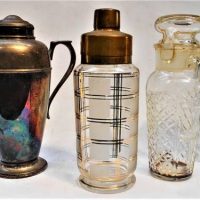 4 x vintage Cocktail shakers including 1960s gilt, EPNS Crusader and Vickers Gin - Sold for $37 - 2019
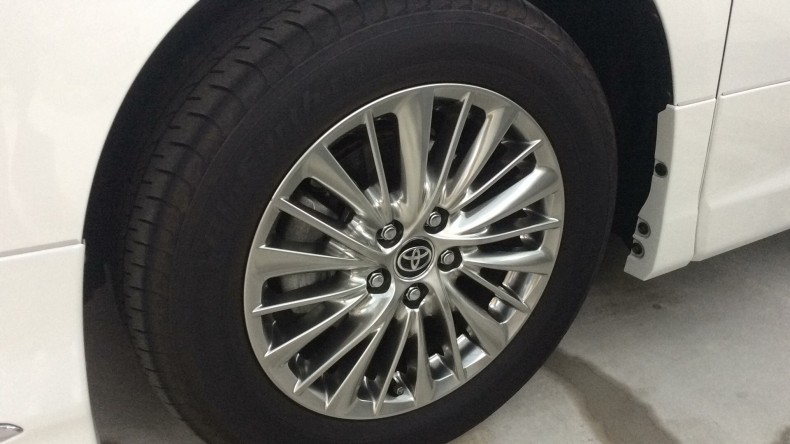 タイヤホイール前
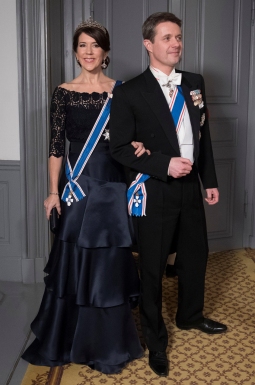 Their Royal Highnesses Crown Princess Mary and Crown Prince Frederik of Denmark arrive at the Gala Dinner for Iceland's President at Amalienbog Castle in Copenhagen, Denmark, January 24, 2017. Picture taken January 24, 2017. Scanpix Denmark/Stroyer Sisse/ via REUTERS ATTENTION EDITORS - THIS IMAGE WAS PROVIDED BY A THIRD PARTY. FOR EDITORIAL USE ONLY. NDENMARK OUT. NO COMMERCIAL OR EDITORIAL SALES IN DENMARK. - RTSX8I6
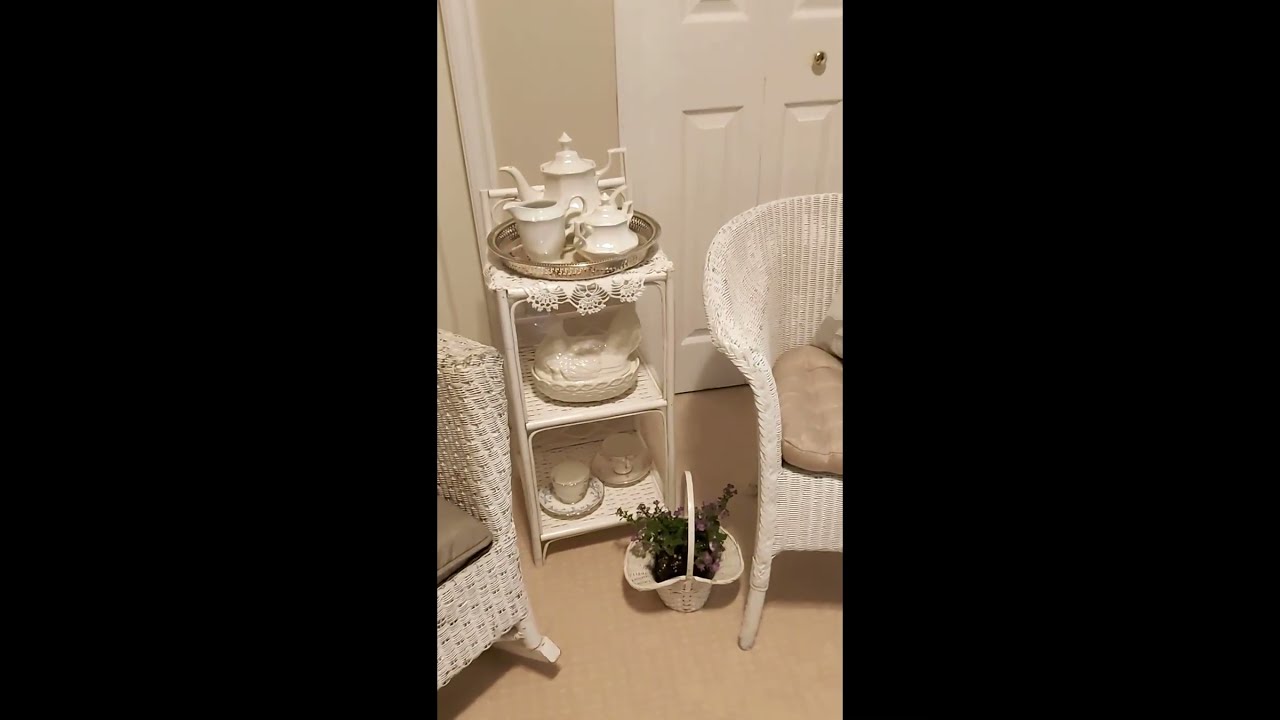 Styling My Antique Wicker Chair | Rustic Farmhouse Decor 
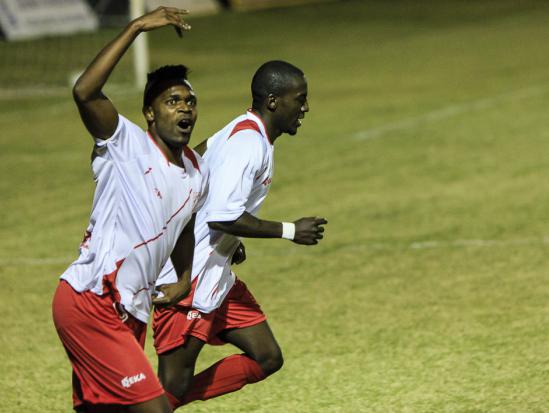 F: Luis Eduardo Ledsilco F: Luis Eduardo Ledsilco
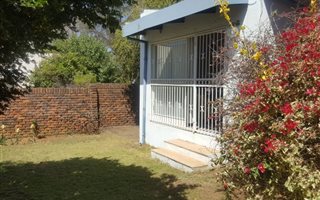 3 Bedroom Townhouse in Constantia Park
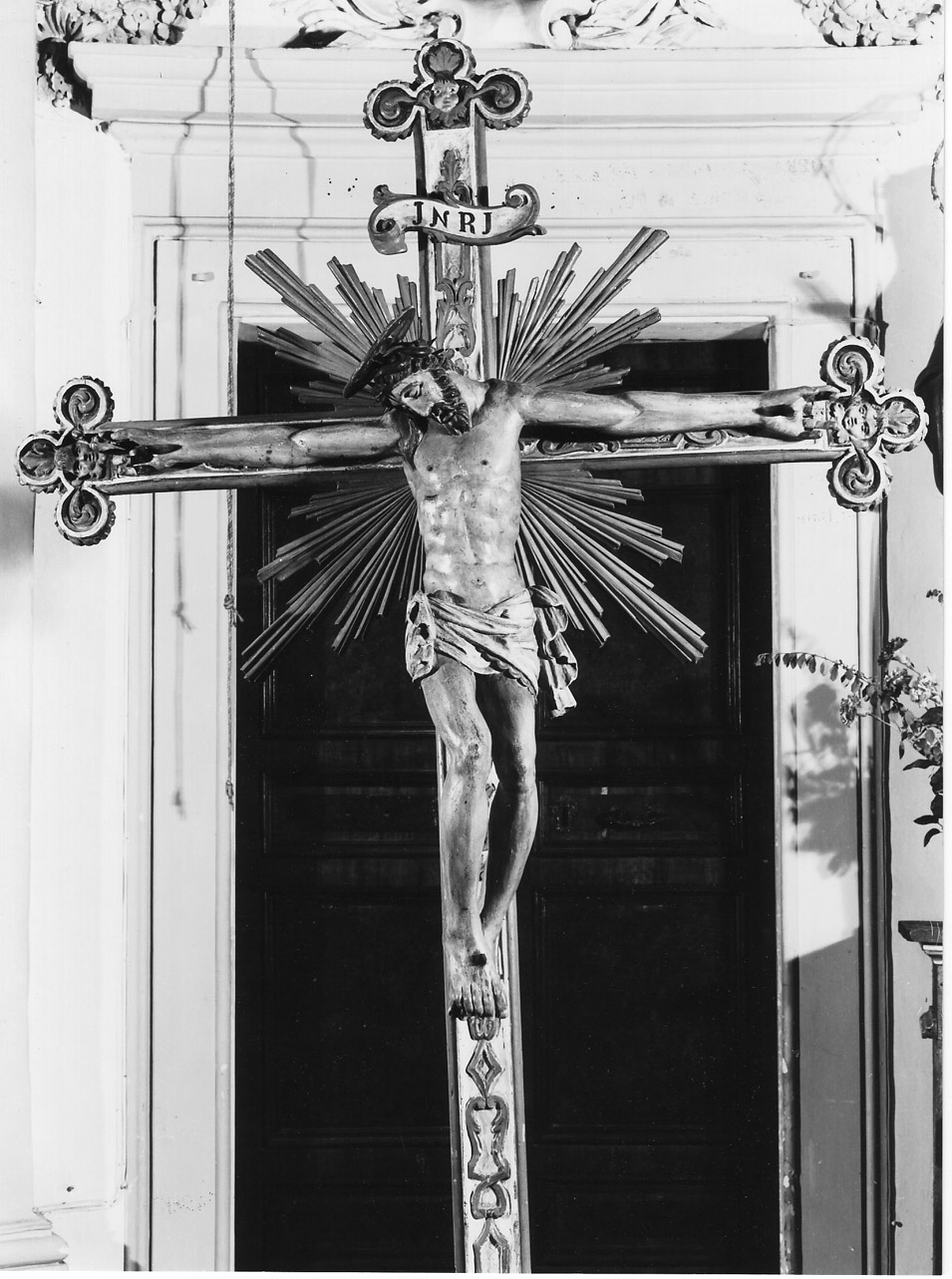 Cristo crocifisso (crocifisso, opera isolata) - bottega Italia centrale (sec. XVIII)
--
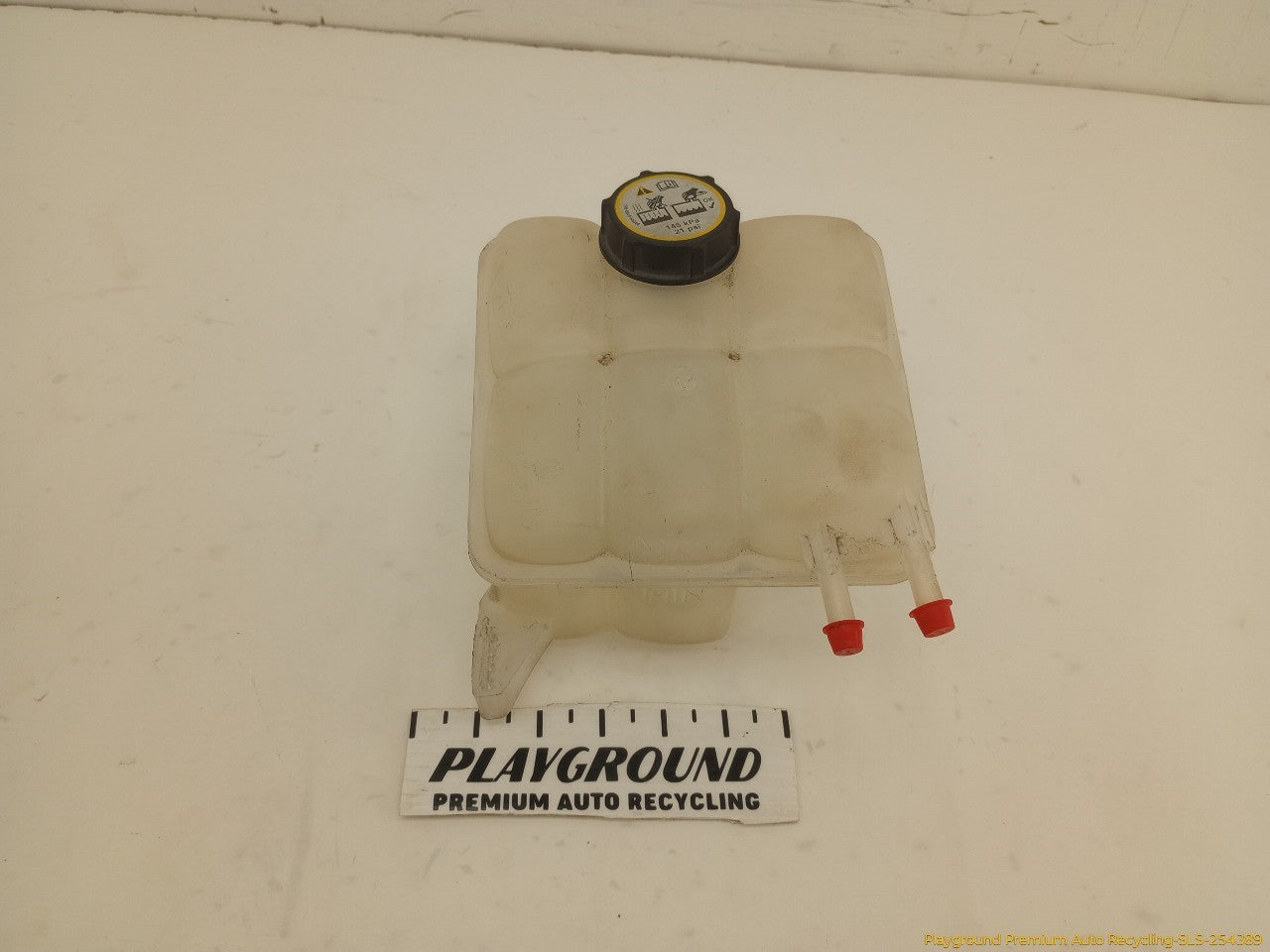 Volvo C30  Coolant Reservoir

**Work instructions:**
All pictures are to be skipped. Output, word for word, the lines in the data above starting at the line containing "4 x vintage" and ending at the line containing "Cristo crocifisso (crocifisso, opera".

**Reply:**
 4 x vintage Cocktail shakers including 1960s gilt, EPNS Crusader and Vickers Gin - Sold for $37 - 2019
 タイヤホイール前
 Their Royal Highnesses Crown Princess Mary and Crown Prince Frederik of Denmark arrive at the Gala Dinner for Iceland's President at Amalienbog Castle in Copenhagen, Denmark, January 24, 2017. Picture taken January 24, 2017. Scanpix Denmark/Stroyer Sisse/ via REUTERS ATTENTION EDITORS - THIS IMAGE WAS PROVIDED BY A THIRD PARTY. FOR EDITORIAL USE ONLY. NDENMARK OUT. NO COMMERCIAL OR EDITORIAL SALES IN DENMARK. - RTSX8I6
 Styling My Antique Wicker Chair | Rustic Farmhouse Decor 
 F: Luis Eduardo Ledsilco F: Luis Eduardo Ledsilco
 3 Bedroom Townhouse in Constantia Park
 Cristo crocifisso (crocifisso, opera isolata) - bottega Italia centrale (sec. XVIII)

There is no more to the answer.